Intelligences extraterrestres
 
Depuis les origines de la science-fiction s’est posée la question du « premier contact » avec une intelligence extraterrestre. Sautant à pieds joints, et avec toute la licence de l’imaginaire, sur l’examen de la possibilité même d’une vie extraterrestre, anticipant la découverte, en masse, des exoplanètes, la SF a postulé la diversité des biosphères, la pluralité des systèmes solaires et, par ricochet, des civilisations. La science d’aujourd’hui peut-elle faire sien un tel postulat ? Malgré le développement de l’exobiologie, cela semblerait prématuré. Même sans s’en tenir au fameux paradoxe de Fermi, il faut constater que nul contact n’a été établi. Pourtant, le programme S.E.T.I, en particulier, a exprimé ce besoin à la fois scientifique et philosophique que l’humanité ressent en se plongeant dans les étoiles : celui de ne pas se retrouver seule dans l’immensité de l’espace, celui de se trouver, un jour peut-être, face à des pairs, voire des semblables. 
La science-fiction, plus que jamais, continue d’explorer toutes les possibilités narratives de cette rencontre, tantôt agressive, comme c’est souvent encore le cas au cinéma (voire les célèbres sagas d’Alien et de Prédator, et leurs multiples avatars), tantôt impossible, en raison de trop grandes différences entre les deux espèces et leurs modes d’interaction avec leur environnement.
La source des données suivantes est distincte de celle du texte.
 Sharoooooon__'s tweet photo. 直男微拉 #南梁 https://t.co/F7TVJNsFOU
À ce dernier titre, des textes comme Solaris de Stanislaw Lem (adapté deux fois au cinéma) restent emblématiques. La science humaine peut échouer à donner les clefs de communication et, ce faisant, être non un support, mais un frein au contact. 
 
Le cerveau humain
 
Depuis Le Voyage fantastique d’Asimov, le cerveau humain a été exploré par la science-fiction, mais rarement en tant que tel. Celle-ci l’a très souvent abordé par le biais psychologique et identitaire, plutôt que par celui biologique : chez Philip K. Dick, chez Alfred E. Van Vogt, le cerveau est une terra incognita à conquérir, au sein de laquelle, entre mémoire implantée et émotions factices, se cache la réalité de la conscience, la vérité de l’individu. Qui suis-je ? Existé-je ? Telle est la question que se posent nombre de personnages de science-fiction. 
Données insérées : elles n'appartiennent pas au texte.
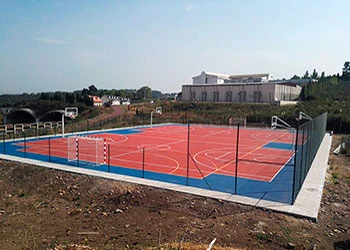 Urbanización de la pista deportiva del Colegio Montespiño en A Coruña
La science, elle, conserve la main haute sur les hypothèses liées au fonctionnement du cerveau, à la géographie fonctionnelle de cet organe, dont les capacités sont, dit-on souvent, loin d’être cernées. Comment fonctionne la mémoire ? Existe-t-il des zones infra-conscientes dans le cerveau que nous pouvons mieux maîtriser ? Grâce à des outils de modélisation numérique au développement récent, les chercheurs obtiennent de nouvelles informations qui, à l’instar des révolutions liées à l’astronomie, remettent en cause bien des connaissances. Plus que jamais, la « hard » science-fiction peut s’en faire l’écho, voire servir de champ libre de réflexion, comme c’est le cas de celle de Greg Egan. Au fond, la science-fiction, avec l’audace et la liberté qui la caractérisent, fait sienne cette belle maxime de Jean Cocteau : quand les mystères nous dépassent, il faut feindre d’en être les organisateurs.